In any case, I don't like the waveform much. Mushy; that rising edge should ideally be like a cliff face. Is it possible to get any better performance out of a lowly 2-transistor multivibrator? Something to shape that into a cleaner square wave? and get rid of that ringing, too. That can't be doing my efficiency any good.
2. I've never worked with MOSFETs below, and just grabbed one from LTspices's parts box that looked like it might work OK. Can someone suggest some devices that would be appropriate for this, based on my power requirements? Remember, I'm not after overkill here. Ideally this would be something small, in a TO-92 package, or similar, not a big FET requiring a heat sink. I'm using a N-channel; is that the right way to go here?

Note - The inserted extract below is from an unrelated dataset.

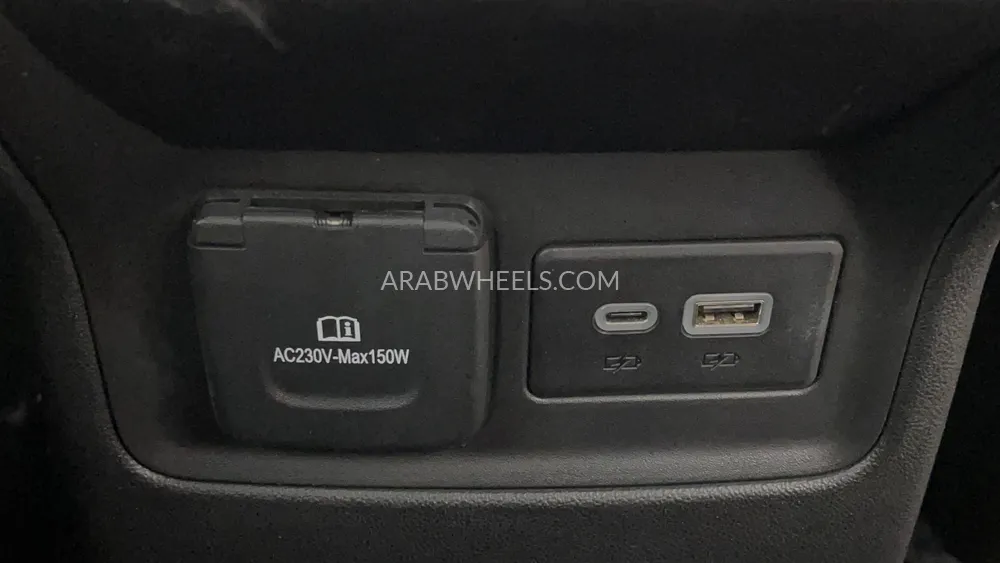 GMC Acadia 2023 for Sale in Dubai Image-55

3. This oscillator runs a bit on the slow side (~11kHz currently). I'd like to get that up somewhere closer to the 30-40-60kHz neighborhood if possible, but I have problems with the simulation just not starting if I decrease the caps too much. There seems to be a fairly delicate balance running a multivibrator on such a low voltage. Any pointers on why that's so and how to work around it would be appreciated.
4. Obviously this circuit is lacking regulation (I'm trying to get the boost working first). In the interest of simplicity, I'd like to use my classic poor-man's regulator circuit:
**broken link removed**
In my other design, I simply connected the collector here to the base of one of the multivibrator transistors. Works surprisingly well. Any other ideas appreciated. (Simple ones.)